Asian shares got off to a shaky start on Thursday as investors remained cautious in the face of a fragile recovery in volatile crude oil – a source of much of the recent anxiety about the health of the global economy.
MSCI’s broadest index of Asia-Pacific shares outside Japan was down a touch, while Japan’s Nikkei stock index added about 0.5 percent as the yen moved off recent highs.
The dollar was down about 0.1 percent against its Japanese counterpart at 112.02 yen, though it held above a two-week low of 111.04 yen plumbed overnight.
The euro was steady at $1.1015 after touching a three-week low of $1.0957 overnight.
The British pound sterling steadied at $1.3927 after dropping to a seven-year low of $1.3878 in the previous session on heightened fears that a June 23 referendum could lead to a possible British exit from the European Union.
Investors awaited China’s yuan fixing, after the central People’s Bank of China set its currency’s midpoint rate at a softer 6.5302 per dollar on Wednesday.

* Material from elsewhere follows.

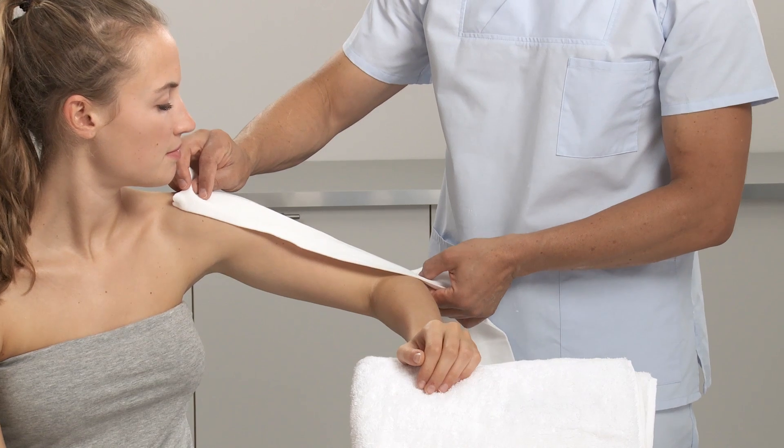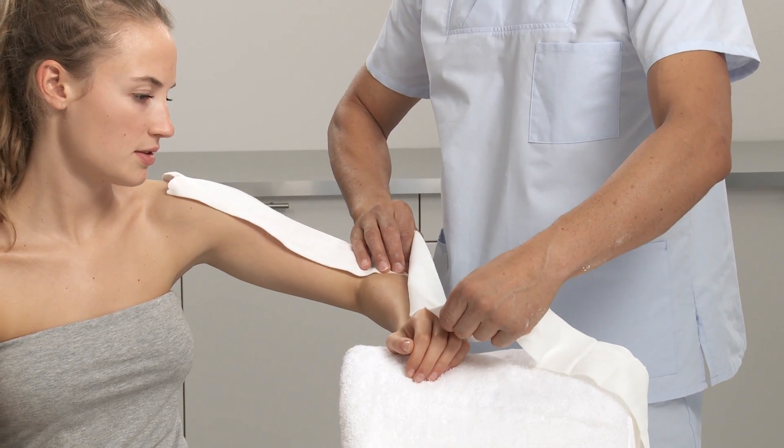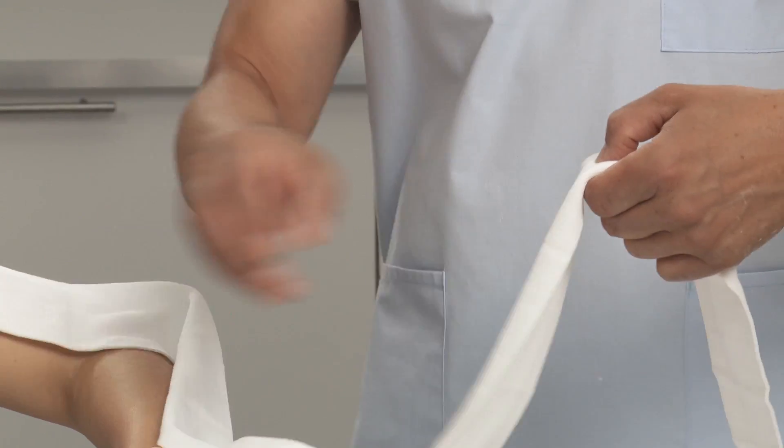Choose the appropriate width of stockinette for the arm. Measure the length of the whole arm from the shoulder to the knuckles. Add another 20 cm or 8 inches and cut.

Authorities continued to focus on stabilising the currency through state banks’ buying activity.
“With Shanghai hosting G20 central bank governors and finance ministers Friday-Saturday, it would be strange to see the USD/CNY fixing pushed higher again today,” Sean Callow, senior currency strategist at Westpac, said in a note.

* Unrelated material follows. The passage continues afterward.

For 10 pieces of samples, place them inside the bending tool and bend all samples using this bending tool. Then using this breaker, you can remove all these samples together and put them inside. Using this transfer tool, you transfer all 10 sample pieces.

U.S. crude futures added about 0.2 percent to $32.20 a barrel, after it gained nearly 1 percent overnight on government data showing gasoline demand rose more than 5 percent over the past four weeks compared with a year ago. That helped offset investors’ fears about record high crude inventories.
The sharp downturn in global oil prices has fed investors’ fears about slowing world growth, with broader concerns about China’s cooling economy adding to heightened anxiety and financial market volatility.

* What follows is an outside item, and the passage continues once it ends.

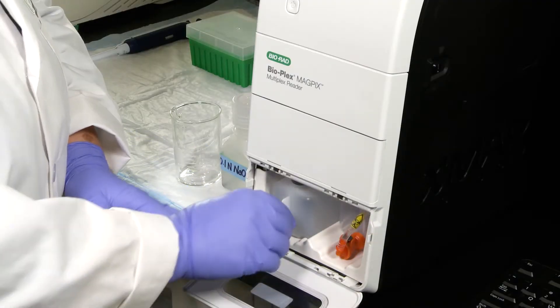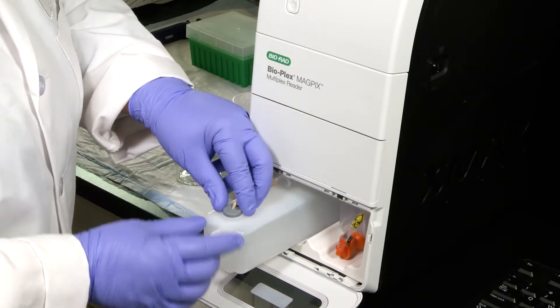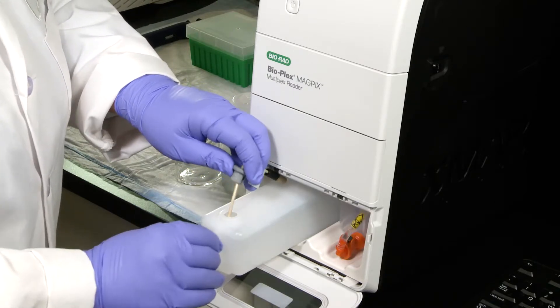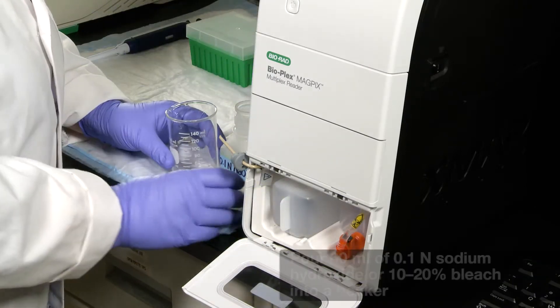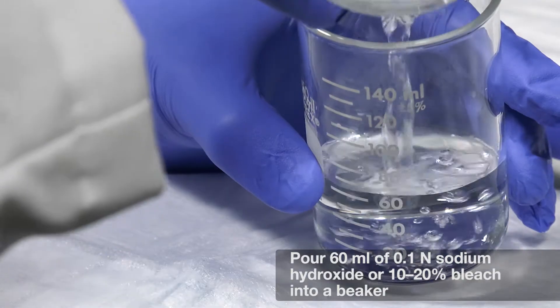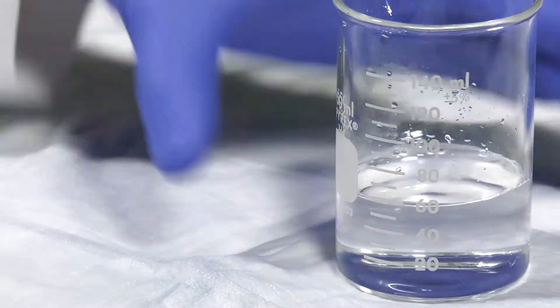Pull the dry fluid compartment door down to access the dry fluid bottle probe, which is on the left. Make sure that there are no salt deposits blocking the vent hole and ensure that you can see through the grommet vent hole. Pour 60 ml of 0.1 normal sodium hydroxide or 10 to 20% bleach into a beaker or disposable reservoir. Usually, one prime routine uses about 6 ml of liquid.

Brent added 3.4 percent overnight to $34.41 a barrel on Wednesday after market sources cited loading problems for North Sea crude.
The recovery in crude oil prices helped drag Wall Street higher at the close, after lacklustre economic data weighed on sentiment for much of the session.
U.S. data on Wednesday showed the services sector contracted in early February for the first time since October 2013, suggesting a weakening of economic conditions outside the troubled manufacturing and energy industries. Other data showed weakness in new U.S. single-family home sales, though the overall housing market recovery remains intact.
Spot gold slipped about 0.4 percent to $1,223.06 an ounce, but wasn’t far off a one-year high of $1,260.60 reached on Feb. 11.